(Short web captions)
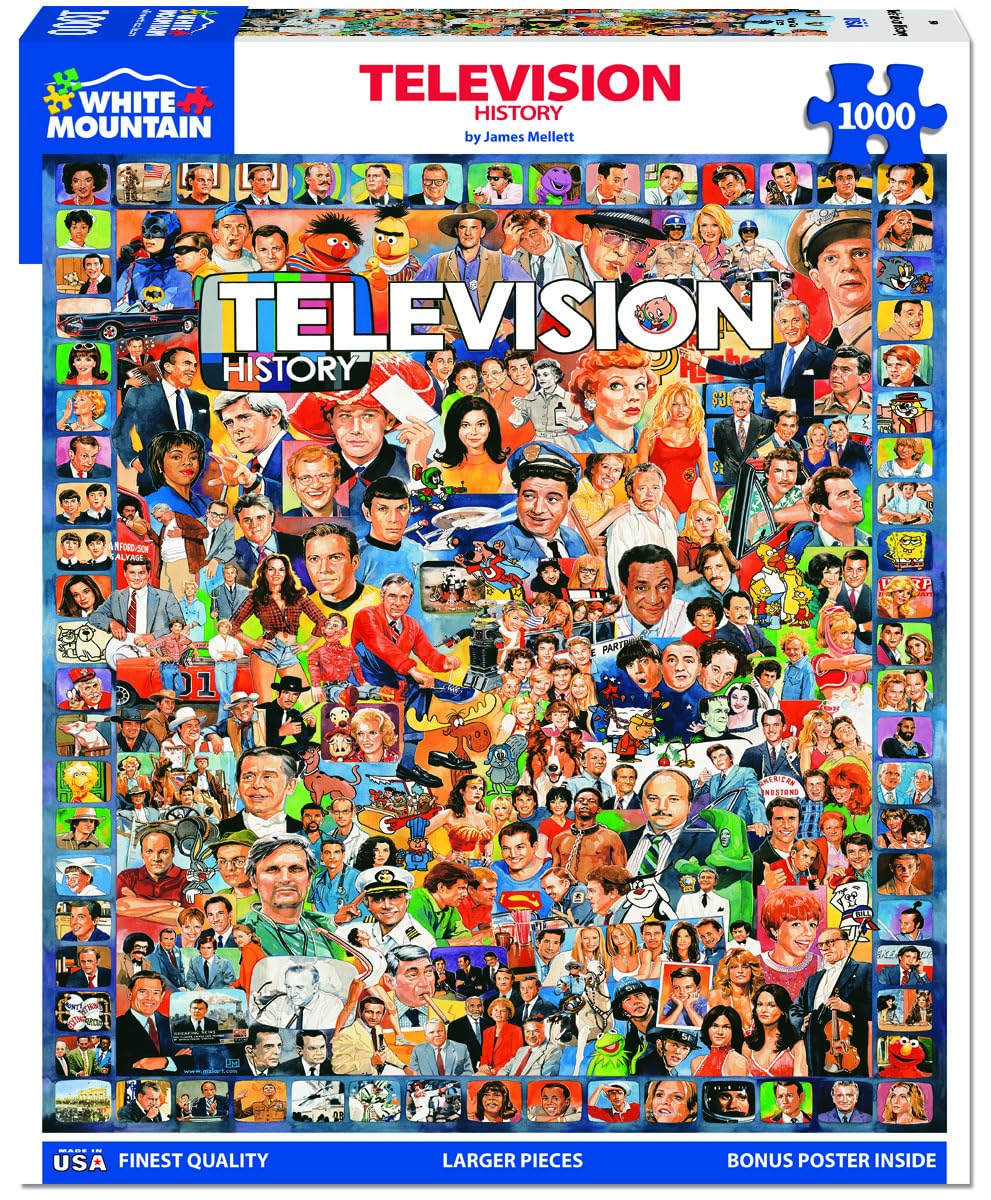 White Mountain Television History puzzle pieces spread across the table for collaboration.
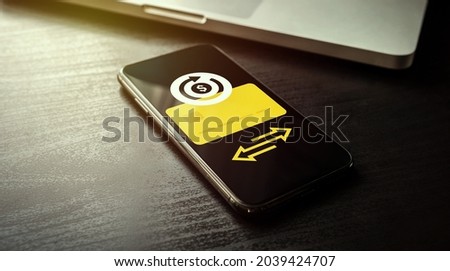 Subscription payment - regular monthly or periodic annual subscription basis fee concept. Mobile smartphone subscription payment with credit bank card and a recurring payment icon for membership users Royalty-Free Stock Photo #2039424707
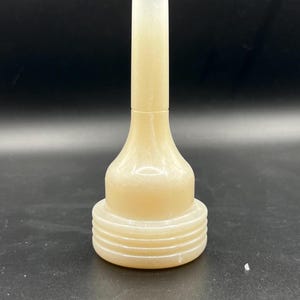 May include: A light beige bottle stopper with a cylindrical top and a flared base. The base has several horizontal ridges. The stopper is made of a translucent material and is set against a black background.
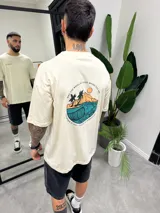 Remera beige de algodón con estampado en la espalda de una ola, palmeras y la frase "May the waves be good where you are".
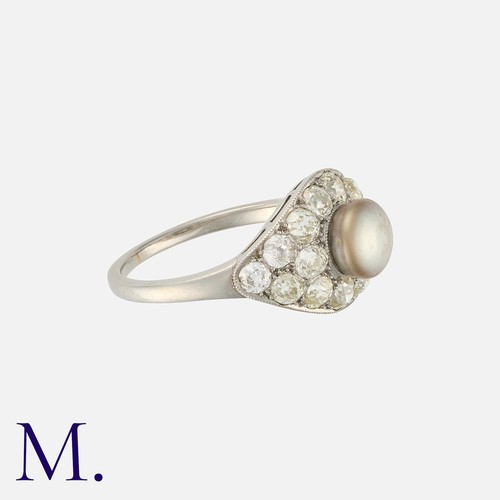 105 - An Art Deco Pearl and Diamond Ring in platinum, set with a button shaped grey pearl measuring approx...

## What to do
Set down a word-for-word copy of the records, dropping any picture.

## Response
 White Mountain Television History puzzle pieces spread across the table for collaboration.
 Subscription payment - regular monthly or periodic annual subscription basis fee concept. Mobile smartphone subscription payment with credit bank card and a recurring payment icon for membership users Royalty-Free Stock Photo #2039424707
 May include: A light beige bottle stopper with a cylindrical top and a flared base. The base has several horizontal ridges. The stopper is made of a translucent material and is set against a black background.
 Remera beige de algodón con estampado en la espalda de una ola, palmeras y la frase "May the waves be good where you are".
 105 - An Art Deco Pearl and Diamond Ring in platinum, set with a button shaped grey pearl measuring approx...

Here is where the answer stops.